Data extracted from a collection:
--------------------

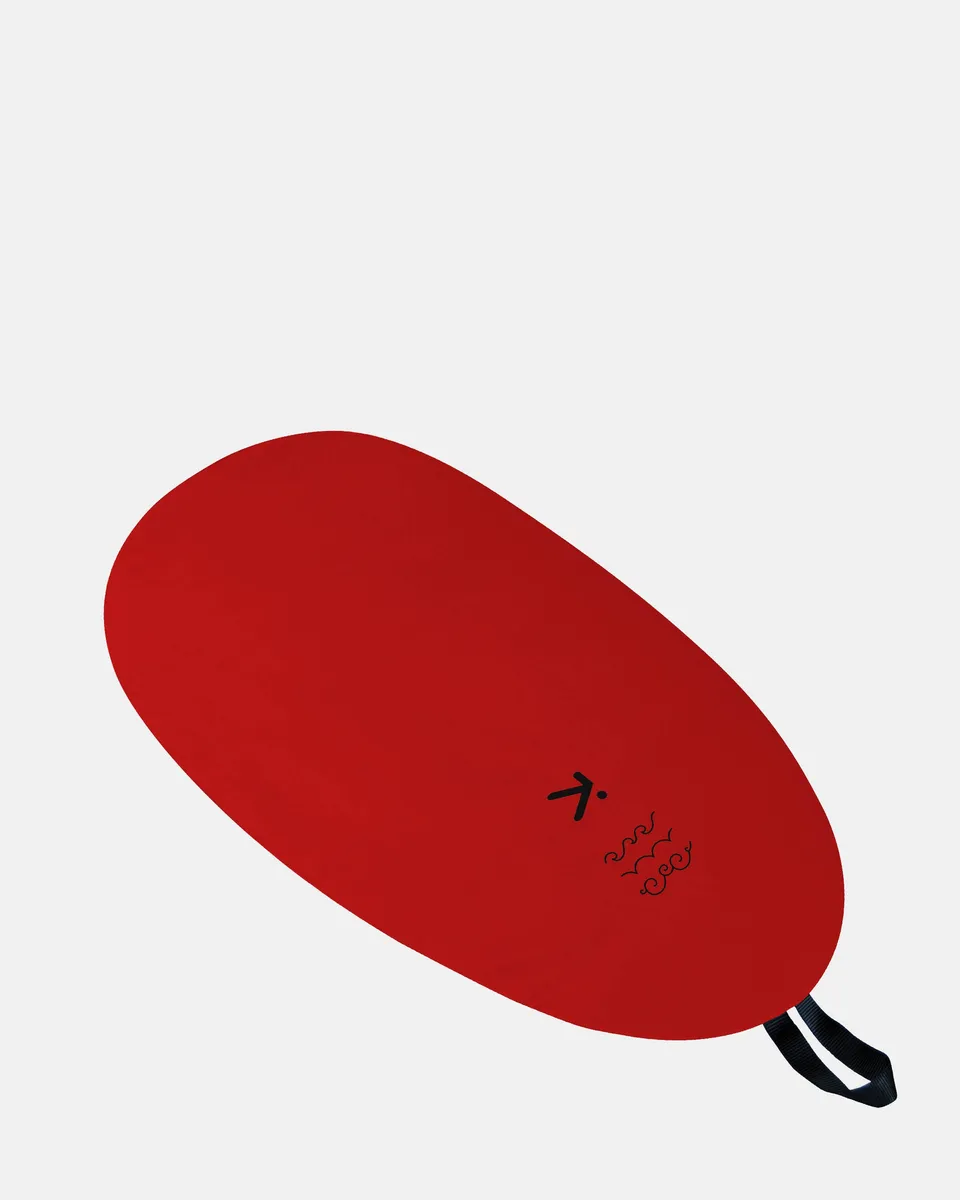 HIKO housse d'hiloire nylon noir étanche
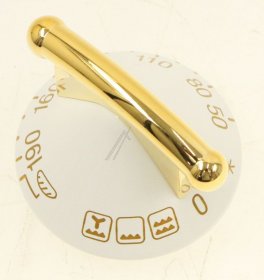 Handle - 00167067 Knob-oven [Bosch Siemens]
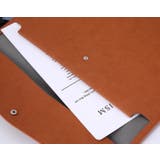 書類ケース ファイルケース A4 | PlusNao | 詳細画像8 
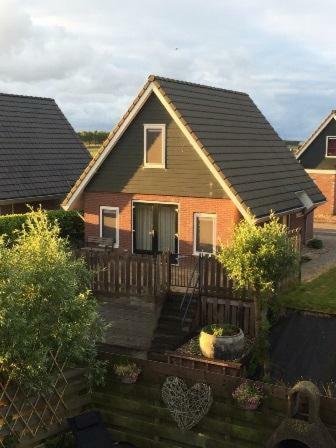 Bello Villa Opperdoes Eksteriør billede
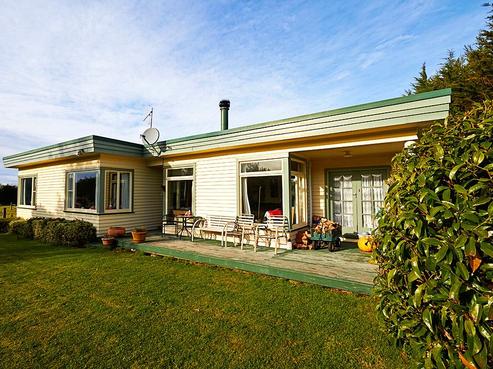 279 Mill Road, Kaikoura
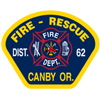 Canby Fire District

--------------------

▸ YOUR ASSIGNMENT
Repeat every record above exactly, but drop the pictures.

▸ RESPONSE BELOW
 HIKO housse d'hiloire nylon noir étanche
 Handle - 00167067 Knob-oven [Bosch Siemens]
 書類ケース ファイルケース A4 | PlusNao | 詳細画像8 
 Bello Villa Opperdoes Eksteriør billede
 279 Mill Road, Kaikoura
 Canby Fire District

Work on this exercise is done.